Problems solved by technology

Moreover, UV laser systems suffer problems such as optical damage of the coated mirrors, unstable and short lifetime of the lasing gases and high cost toxic gas of fluorine (for excimer laser).

Low beam delivery efficiency and complexity of beam uniformity are other drawbacks of UV refractive lasers.

At the present time, there is no any commercial or clinically practical mid-IR refractive laser system been developed based upon the prior arts because of the inherent problems and difficulties to be discussed as follows.

Development of Q-switched Er:YAG system was inherently limited by factors of optical damage of the Q-switching components, coating problems due to strong water absorption, and the low repetition rate Oess than 25 Hz) due to the cooling problems of the laser rod.

To overcome all these inherent drawbacks in an Er:YAG system will not be cost effective and a high maintenance efforts will be required when it is used for refractive surgery.

Another alternative proposed by Lin and Telfail et al., the OPO-laser also had technical difficulties in making a clinically practical system.
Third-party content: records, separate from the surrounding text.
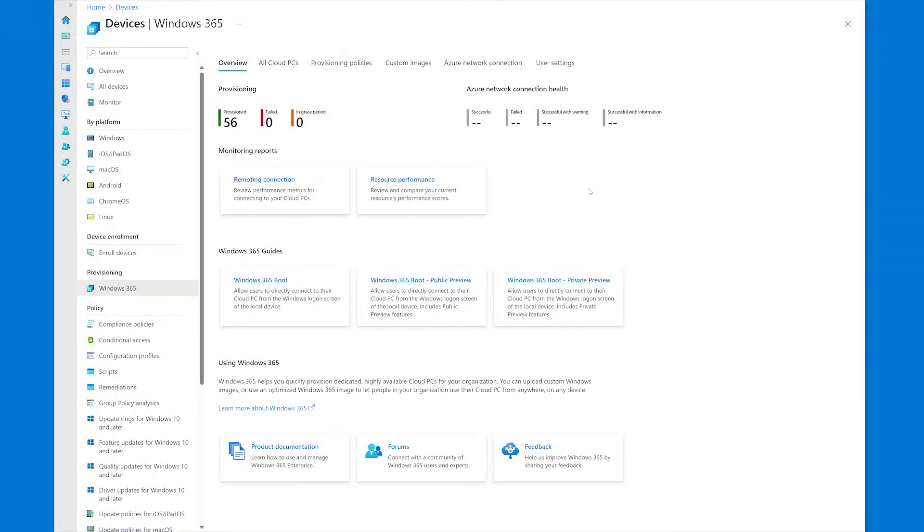We just saw the Boot feature improvements from the end-user perspective, but now I'd like to see how an IT admin can configure and enable those experiences on endpoints. Derek, can you show the Intune guided flow scenario steps? Of course. Let's walk into the boot guided scenario demo. As you navigate to the Windows 365 homepage, you'll be presented with various cards that take you into the boot guided scenario.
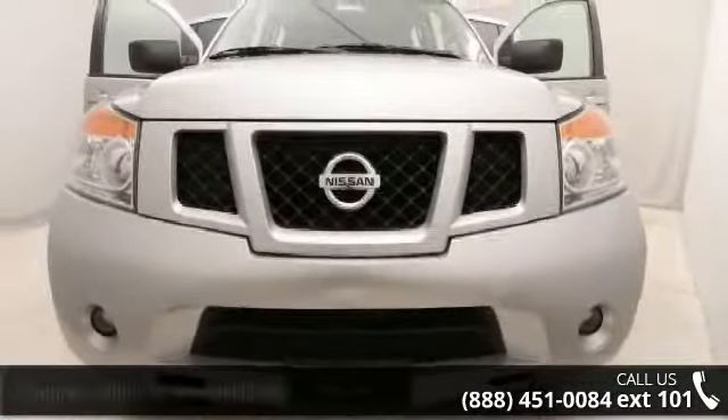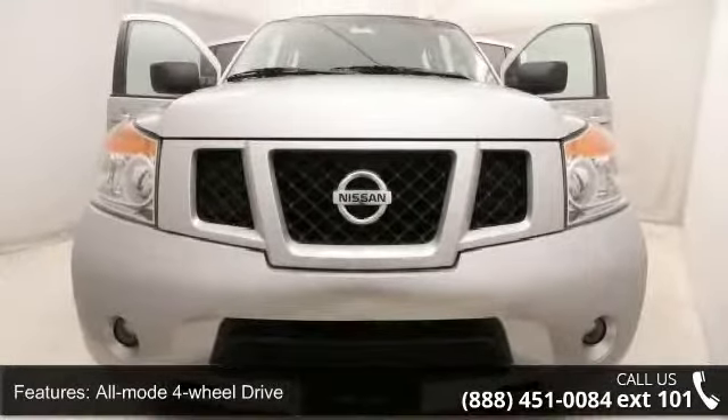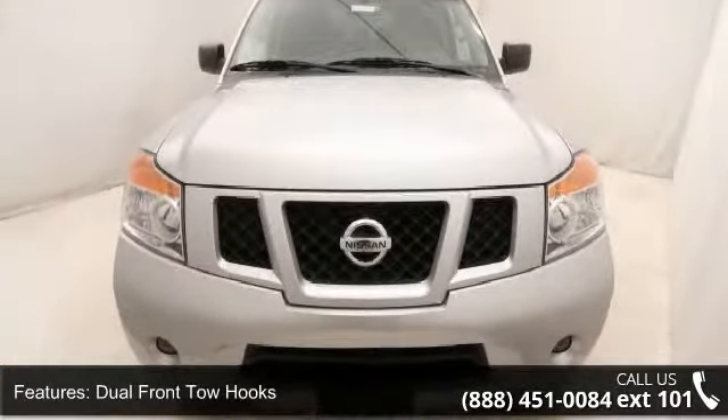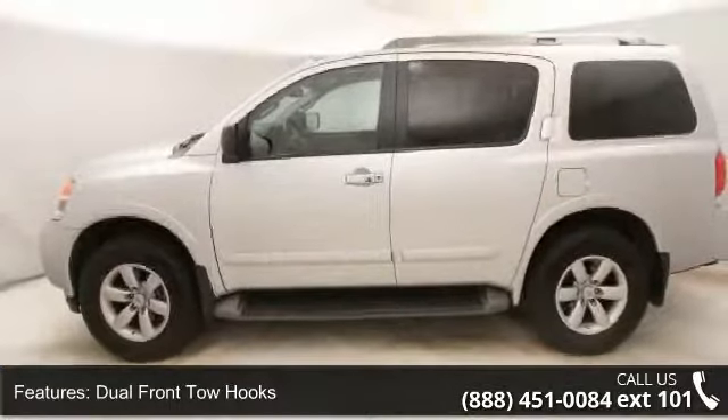Enjoy these notable features: all-mode four-wheel drive, dual front tow hooks, oil-pan skid plate, four-wheel independent suspension, and front and rear stabilizer bar.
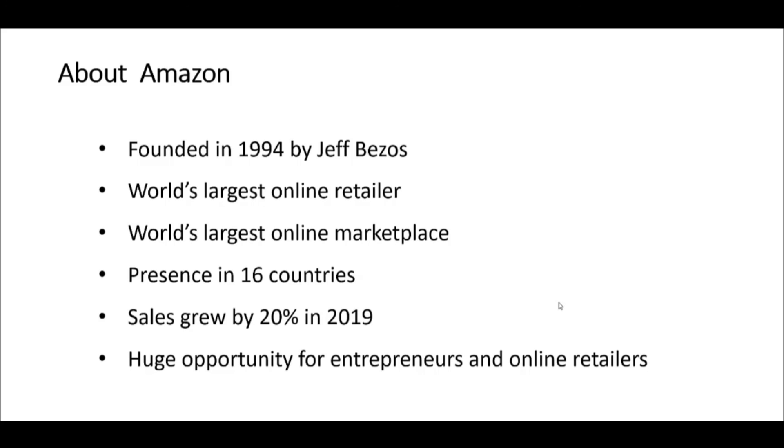It is a massive opportunity for entrepreneurs and online retailers, and it is really the first port of call these days for people looking to launch new brands, but also for larger brands looking to find new marketplaces.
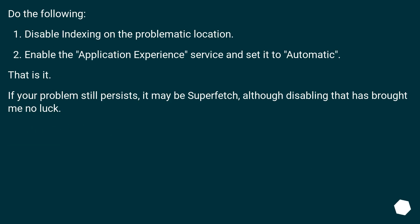Do the following: disable indexing on the problematic location. Enable the Application Experience service and set it to automatic. That is it. If your problem still persists, it may be Superfetch, although disabling that has brought no luck.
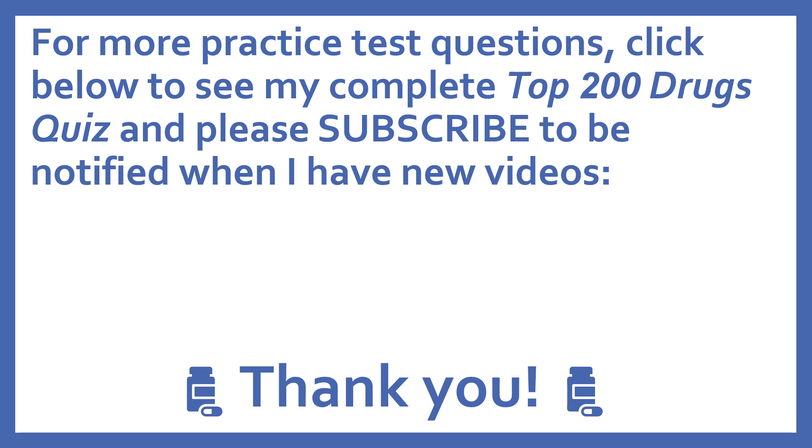For more practice test questions, click below to see my complete top 200 drugs quiz, and please subscribe to be notified when I have new videos. Thanks, I really appreciate it.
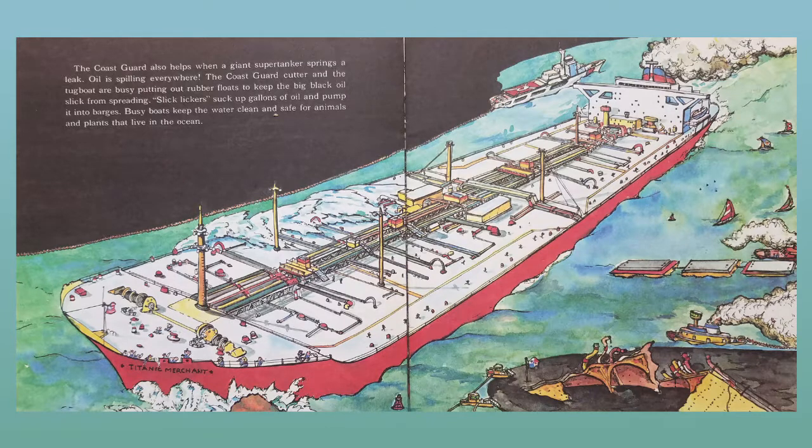The Coast Guard also helps when a giant supertanker springs a leak. Oil is spilling everywhere. The Coast Guard cutter and the tugboat are busy putting out rubber floats to keep the big black oil slick from spreading. Slick lickers suck up gallons of oil and pump it into barges. Busy boats keep the water clean and safe for animals and plants that live in the ocean.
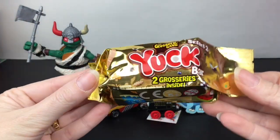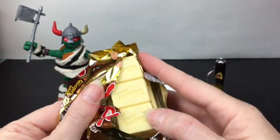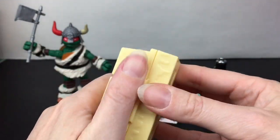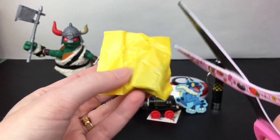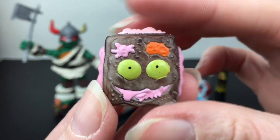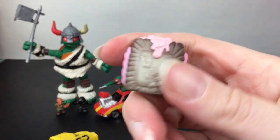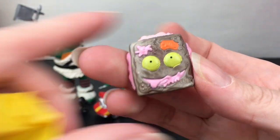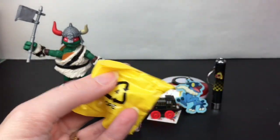Last up we're going back to Grocery Gang — this is from Series 2, the Yuck Bars. I really liked the Grocery Gang when they came out; Series 1 and 2 were the best. There's a checklist and we have a white chocolate Yuck Bar with two little blind bags inside. This one feels hard — I wonder if it's an ultra rare. Oh yeah, it's the Pop-Tart character! These ultra rares change color; in heat it goes to a light cream versus dark brown in cold.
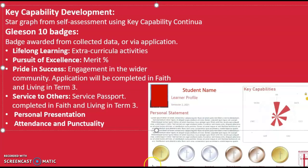The last two badges are on either end of the learner profile. On the left hand side, we have a badge that reflects your percentage of attendance and punctuality. And on the right hand side, personal presentation — a badge that will be awarded based on your uniform and how you represent our college.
At this time only low repetition rate OPO-laser (lower than 30 Hz) at low energy (less than 5 mi per pulse) was tested due to the problems of: low conversion efficiency from near-IR to mid-IR wavelength, crystal and optics coating damage at high power and unstable output IR energy due to cooling problems.

Therefore a practical OPO-laser system for refractive surgery will be either difficult to make or high cost at high maintenance efforts.

In addition to the above-described OPO-laser, the present inventor also had attempt at no success to develop a Raman-shifted laser due to difficulties of: unstable IR output due to Raman gas flow, optical damage of the coated windows and the inherent back scattering of the Raman signals.

Again, a Raman-laser for refractive surgery will be of high cost and difficult to maintain.

In addition the system can not be compact in size due to the one-meter long Raman cell.

Corneal reshaping may also be performed by laser thermal coagulation currently conducted by a Ho:YAG laser (at about 2 microns in wavelength) which however, was limited to low-diopter hyperopic corrections.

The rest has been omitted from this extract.